I was 14. I woke up one Shabbat morning doubled over in excruciating pain. My mother rushed to a local doctor who advised calling an ambulance. I was taken to the local hospital and operated on that night.
I had an imperforate hymen; a congenital disorder where a hymen without an opening, obstructs the vagina. I was 1 in 1000 or 1 in 10,000 females, depends whom you ask. It’s not so great to be special. When I came around after surgery, the doctor handed my care over to the nursing staff saying: oh, don’t worry, you’re still a virgin. About eight years later I wished I could go back to that day and, shake her. Take it all out! Remove the darned thing.
I was 22. Eight years later, it was all but forgotten or irrelevant; I had married and we had made a joint, conscious decision not to consummate our marriage on our wedding night. And it was a good thing we didn’t bother. We did try once or twice during the sheva brachot week but nothing too serious; nothing to get stressed about.
And then we got a bit stressed; something was very, very wrong. Or as I put it, I must have been mehadrin min hamehadrin virgin and I was definitely worth more cows.

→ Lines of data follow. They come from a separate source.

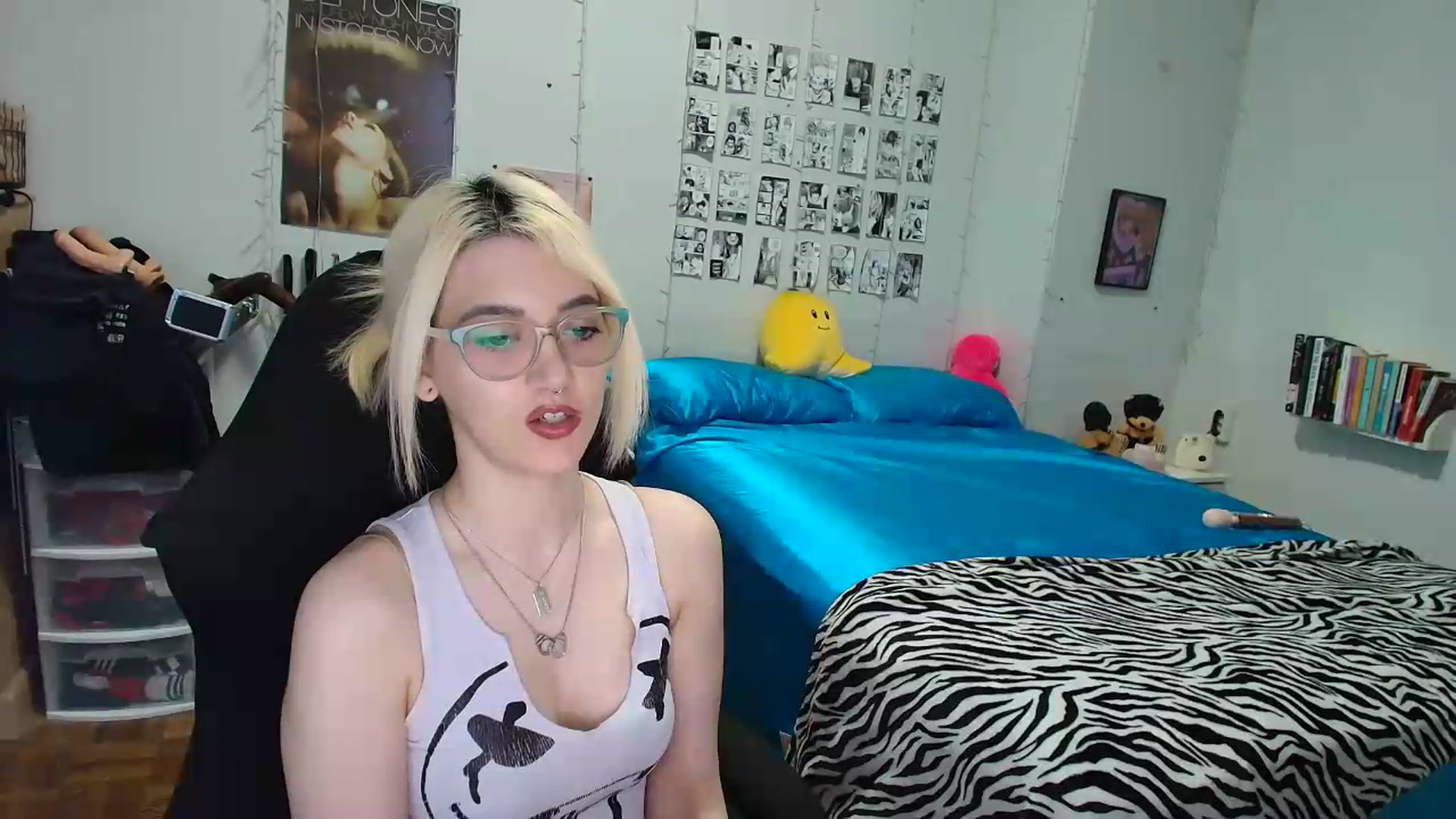 Gallery image thumbnail from AnnaTame's myfreecams stream on, 07/22/2026, 04:50 image 6 of 20
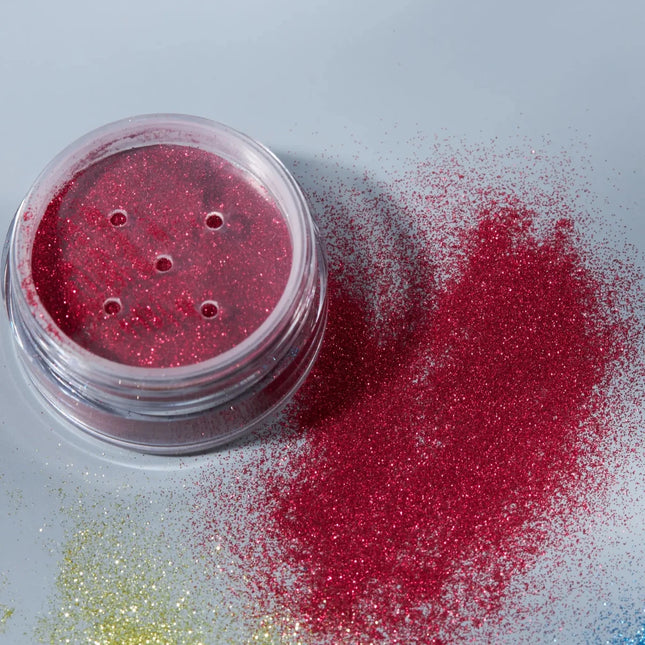 Moon Glitter Classic Ultrafine Glitter Dust Red 5g van Moon Creations koop je bij Partywinkel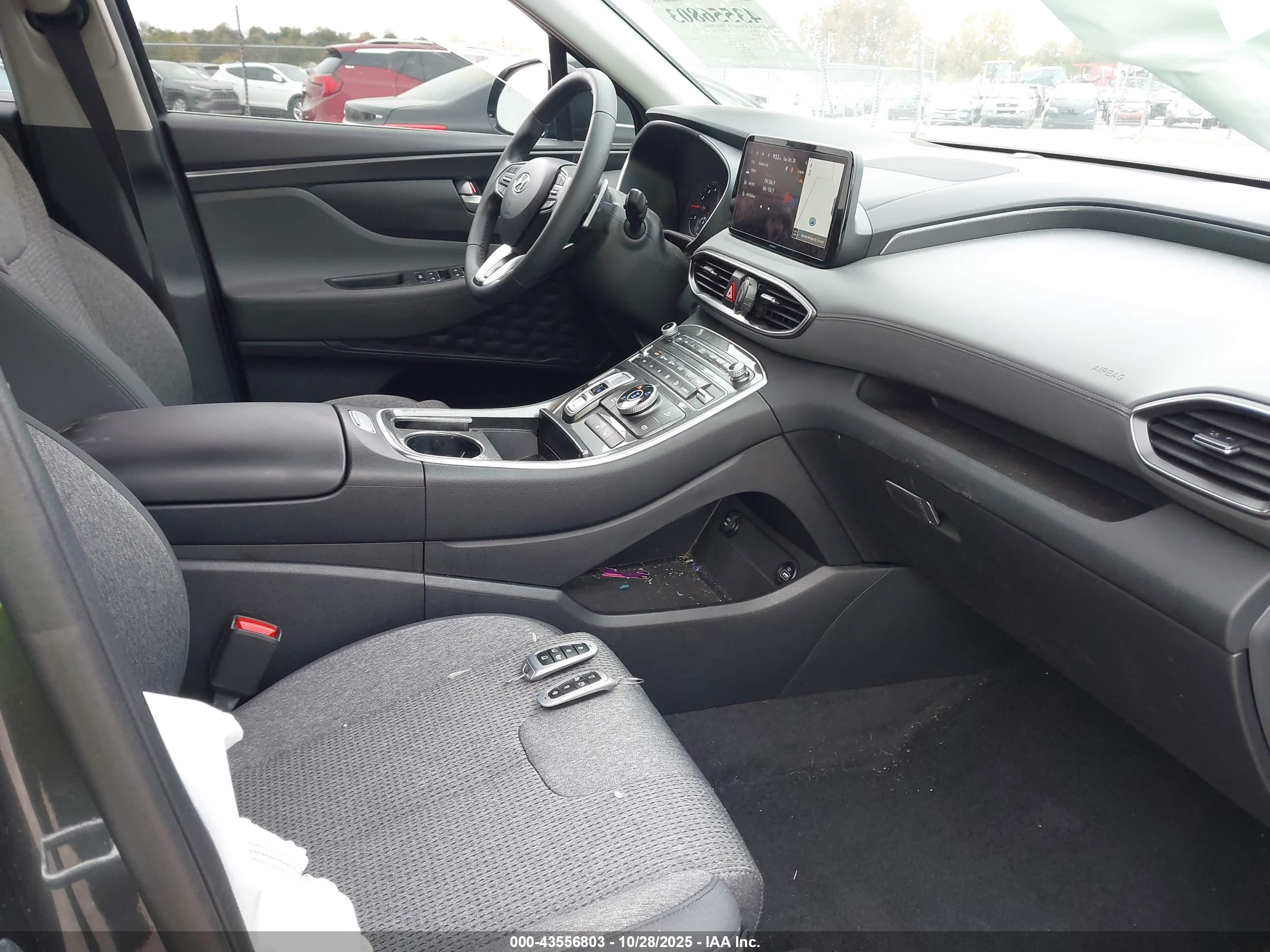 HYUNDAI SANTA image 5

There was only so much trying you can do before giving up. It didn’t seem or feel remotely normal. He didn’t even fit inside me, it was like there was a brick wall of muscle there. How long could you fumble without getting serious help? It was two months before someone understood? A sympathetic dayan referred us to his gynecologist friend who saw us pretty quickly. Until then, many were just saying take some diazepam or try some wine.
She took us seriously, oh what joy to hear the words that we weren’t crazy at all! She could barely get the top of her pinkie finger inside me.There was no way we would have dealt with this ourselves. It was also oddly gratifying to hear that this was the worst case she had ever seen–we all have our oddities and this, alas, was mine.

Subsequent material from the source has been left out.